MATERIAL PROVIDED:

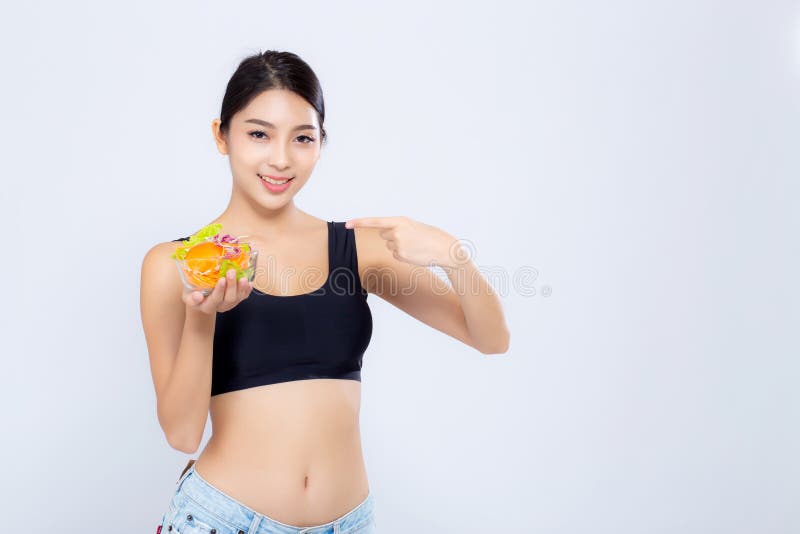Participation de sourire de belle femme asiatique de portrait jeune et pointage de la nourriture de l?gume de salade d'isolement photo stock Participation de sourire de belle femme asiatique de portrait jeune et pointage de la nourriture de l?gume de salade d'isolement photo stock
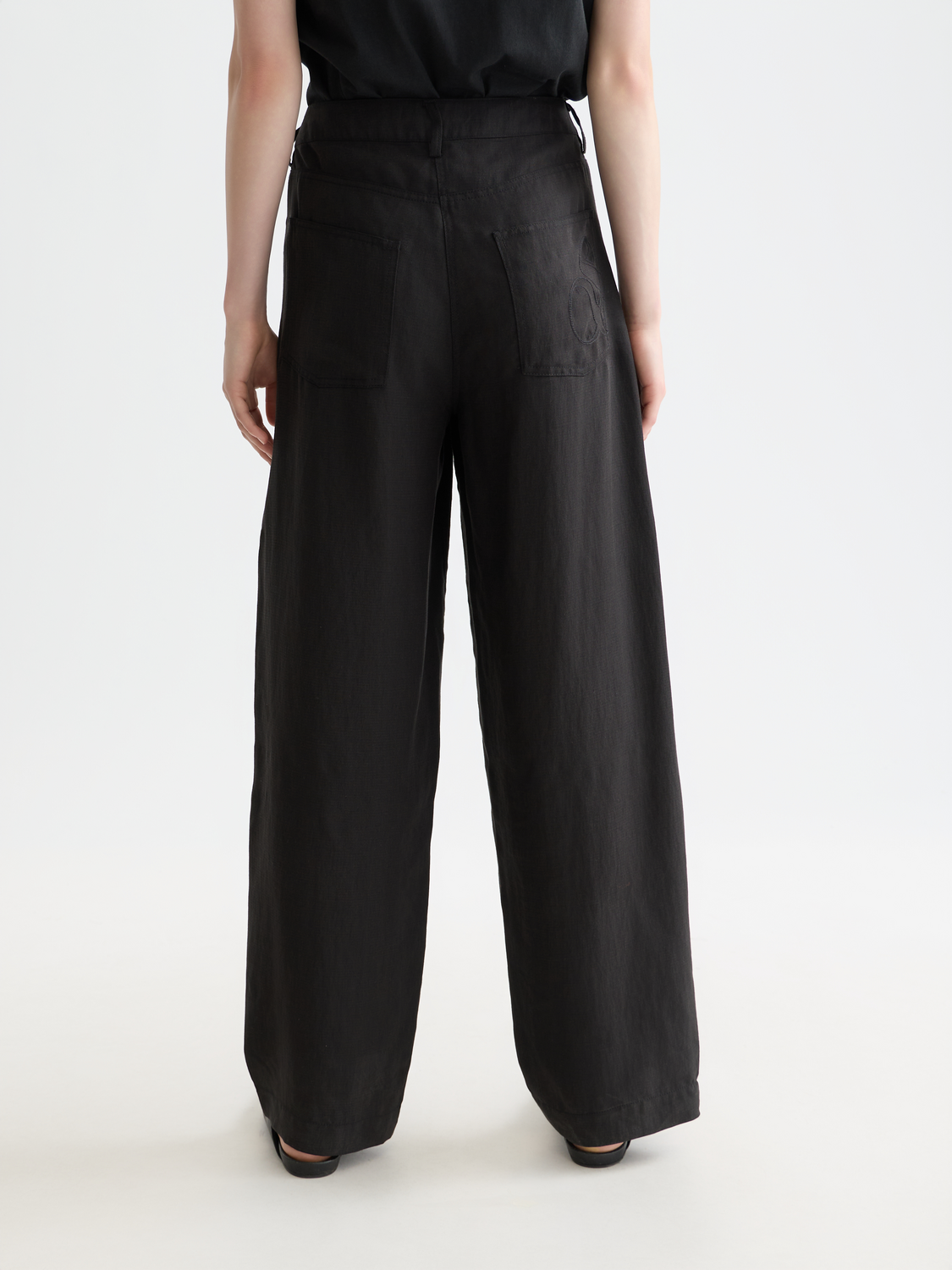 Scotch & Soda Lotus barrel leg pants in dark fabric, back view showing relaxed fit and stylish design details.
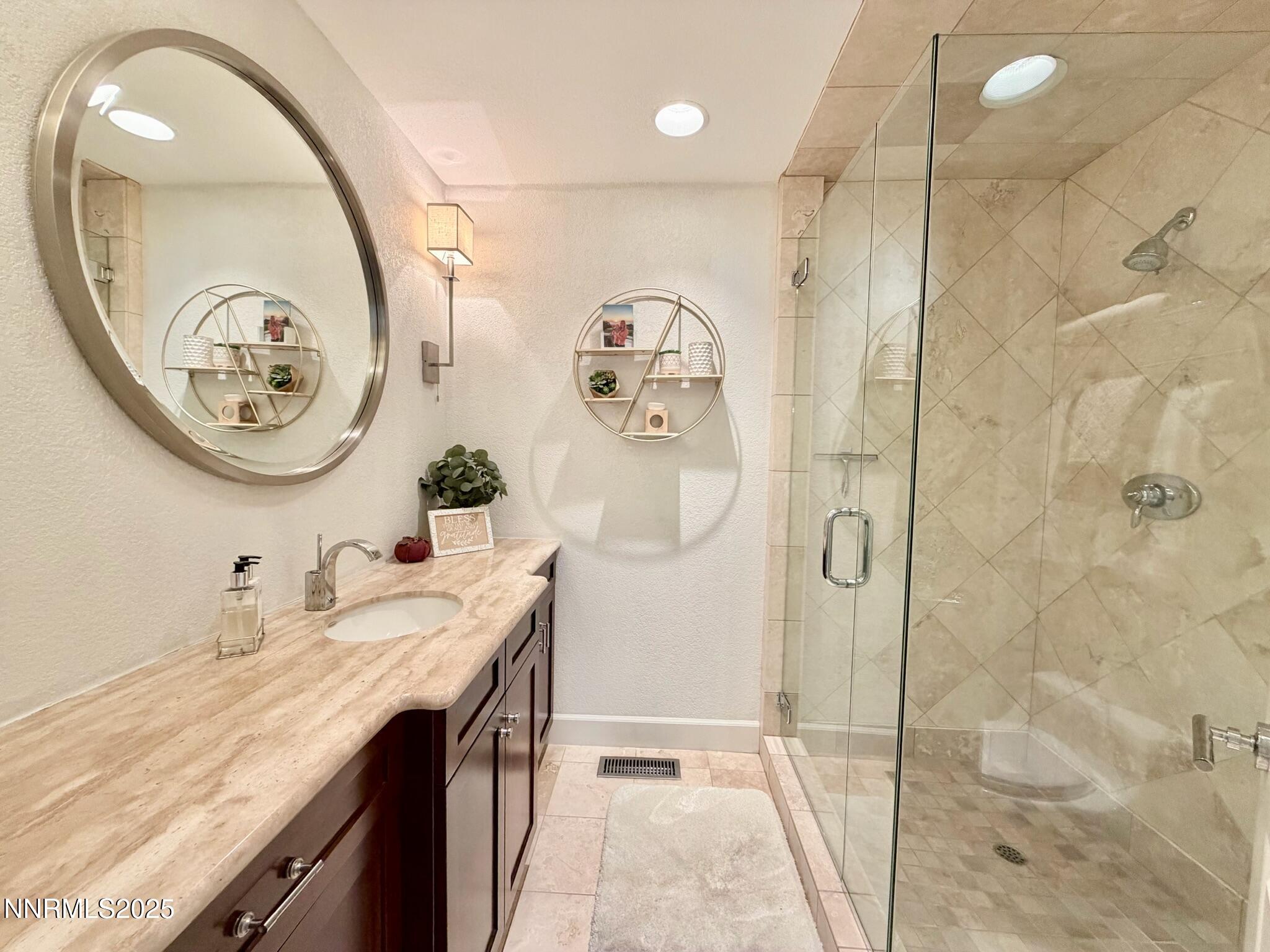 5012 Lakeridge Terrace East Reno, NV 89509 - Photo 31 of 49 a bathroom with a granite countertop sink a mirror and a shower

ABOUT THIS TASK: Beginning with the line that contains "Scotch & Soda" in the data above, please copy each line exactly until the last line, both ends included, skipping any pictures.

RESULT FOR THIS TASK:
 Scotch & Soda Lotus barrel leg pants in dark fabric, back view showing relaxed fit and stylish design details.
 5012 Lakeridge Terrace East Reno, NV 89509 - Photo 31 of 49 a bathroom with a granite countertop sink a mirror and a shower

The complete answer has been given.